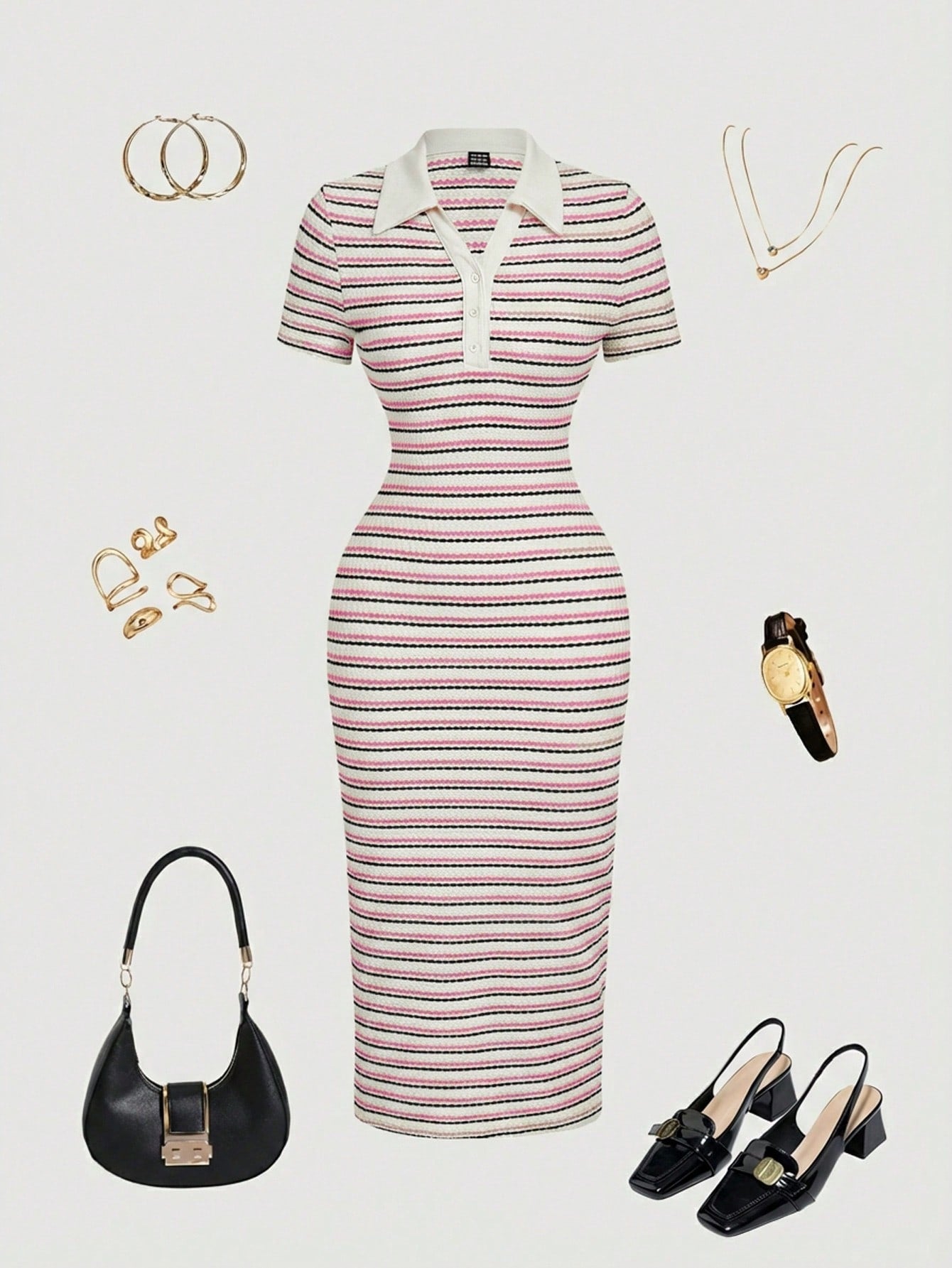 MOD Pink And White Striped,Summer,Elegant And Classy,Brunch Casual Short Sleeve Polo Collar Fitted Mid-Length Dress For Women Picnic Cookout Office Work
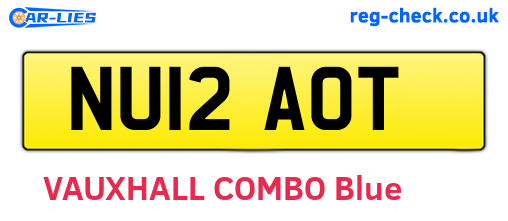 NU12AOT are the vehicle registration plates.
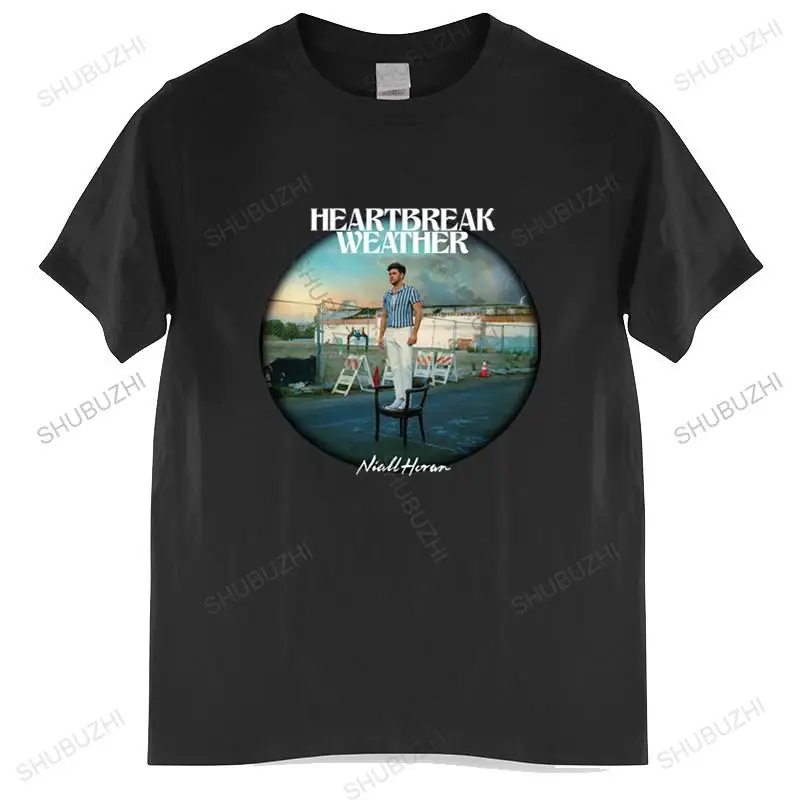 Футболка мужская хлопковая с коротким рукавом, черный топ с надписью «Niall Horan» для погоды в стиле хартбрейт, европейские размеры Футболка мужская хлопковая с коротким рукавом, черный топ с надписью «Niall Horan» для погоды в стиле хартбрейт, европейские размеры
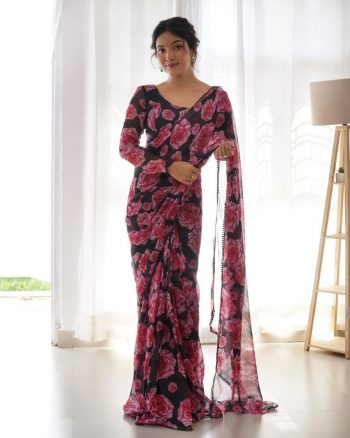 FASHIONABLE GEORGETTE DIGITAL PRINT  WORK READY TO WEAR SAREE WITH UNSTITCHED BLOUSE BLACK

┄┄┄┄┄┄┄┄┄┄

Problem requirements »
Pictures should not appear; only the lines from the start of the listing above to the line containing "европейские размеры Футболка", both ends included, are to be repeated exactly.

Solved exercise »
 MOD Pink And White Striped,Summer,Elegant And Classy,Brunch Casual Short Sleeve Polo Collar Fitted Mid-Length Dress For Women Picnic Cookout Office Work
 NU12AOT are the vehicle registration plates.
 Футболка мужская хлопковая с коротким рукавом, черный топ с надписью «Niall Horan» для погоды в стиле хартбрейт, европейские размеры Футболка мужская хлопковая с коротким рукавом, черный топ с надписью «Niall Horan» для погоды в стиле хартбрейт, европейские размеры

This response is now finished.